Record high DPU. Frasers Centrepoint Trust (FCT) announced 4QFY11 DPU of 2.35 S cents, representing an 8.8% YoY and 20.5% QoQ increase. This is the highest-ever quarterly DPU paid out, and surpassed both our and consensus forecasts. Coupled with 9MFY11 DPU of 5.97 S cents, fullyear DPU amounted to 8.32 S cents, or 5.8% ahead of our estimates (2.7% above consensus). This translates to a 5.7% DPU yield.

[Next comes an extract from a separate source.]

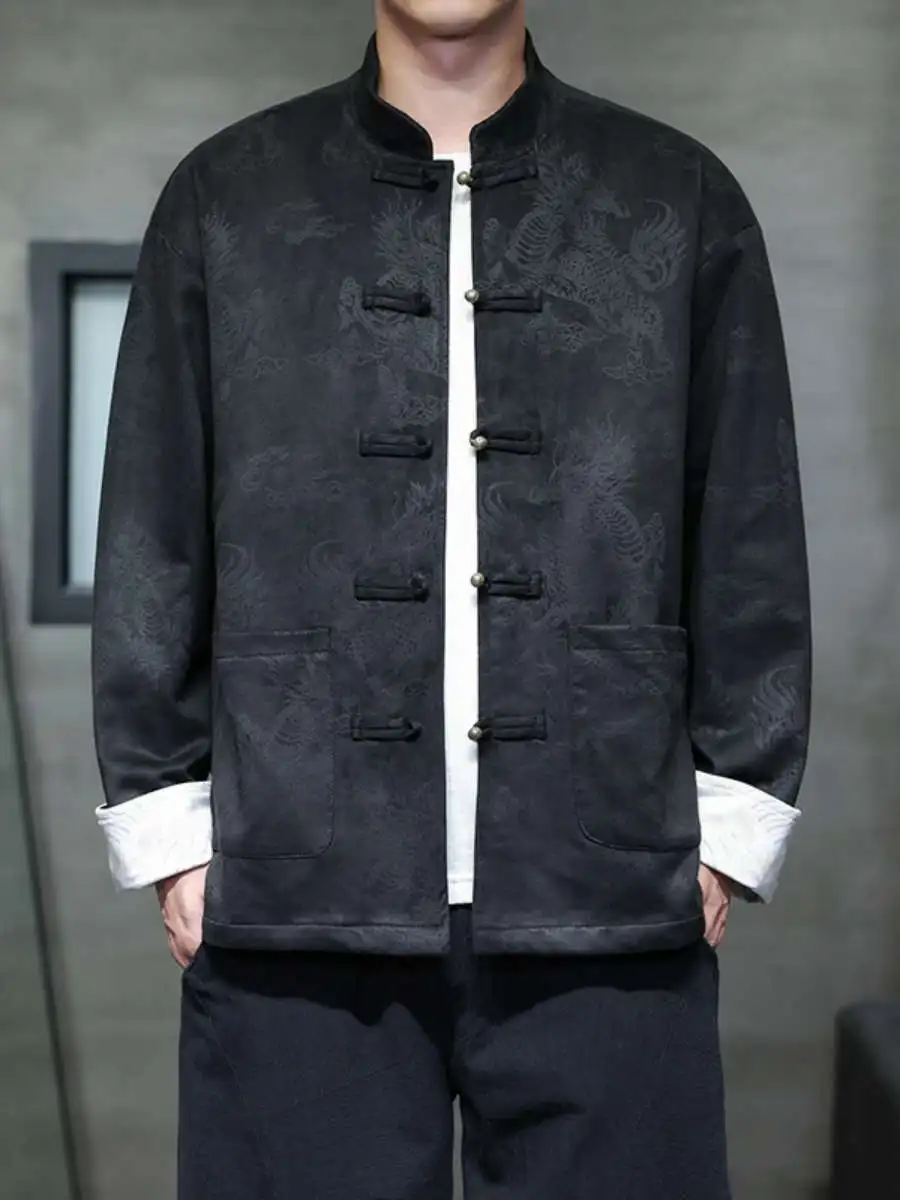 

New Autumn Large Size Men's Faion Jaet Coat Fake Deer Skin Velvet New Chinese Sle Tang Hanfu Clothing Casual Leisure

Strong performance from Causeway Point. The solid performance, we note, was achieved on the back of strong performance upswing from Causeway Point (CWP), following the re-opening of refurbished sections. This lifted FCT's quarterly gross revenue and NPI to S$34.1m (+5.1% YoY) and S$25.3m (+13.7% YoY) respectively. Management shared with us that 65.5% of the refurbished works at CWP had been completed, and the asset enhancement initiative (AEI) is on track to fully complete in Dec 2012. With next phase of work to shift to the higher levels, we expect the disruption to revenue to be more muted.

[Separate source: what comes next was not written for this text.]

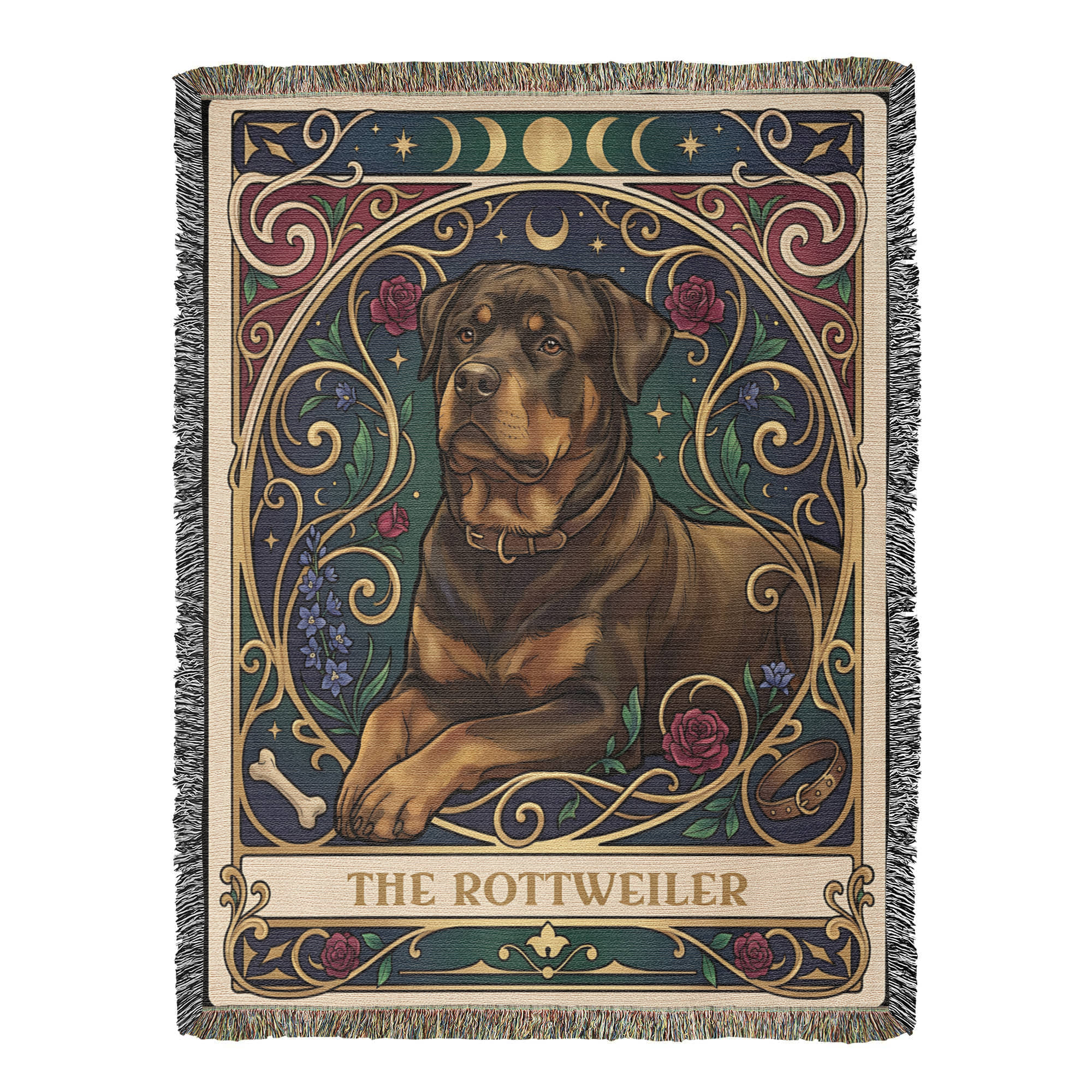 🐾 Woven Blanket Tarot Card - Rottweiler Roses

Healthy financial and operating statistics. FCT's financial position as at 30 Sep remained at a healthy level of 31.3% (vs. 31.7% at end-3Q) in spite of a 15.3% QoQ increase in total debt, helped by portfolio revaluation gain of S$97.2mn. The average rental rate for renewal leases signed in 4Q was also 7.9% higher than the preceding leases. In addition, its portfolio occupancy improved from 87.6% in 3Q to 95.1%, boosted by sharp recovery in occupancy at CWP from 78.3% to 92.0% in the same period.
Positive outlook. Going forward, we believe FCT will continue to post significant growth in its rental income as the full contribution of CWP and newly-acquired Bedok Point has yet to be realized. According to management, CWP is expected to provide over 20% increase in NPI when the AEI is completed, while its occupancy rate is likely to stay above 90% throughout. Bedok Point, on the other hand, is likely to add S$7m to FY12 NPI.
Upgrade to BUY. We raise our FY12 forecasts by 3.3-8.3% to factor in the latest results and lower cost of debt. We also introduce our FY13 estimates and roll over our RNAV-based valuation to FY12. Consequently, our fair value is now raised from S$1.57 to S$1.68. We turn positive on FCT as its suburban malls are likely to remain relatively resilient even in times of market uncertainty. We also like its strong execution and steady pipeline of assets from its sponsor. Upgrade from Hold to BUY.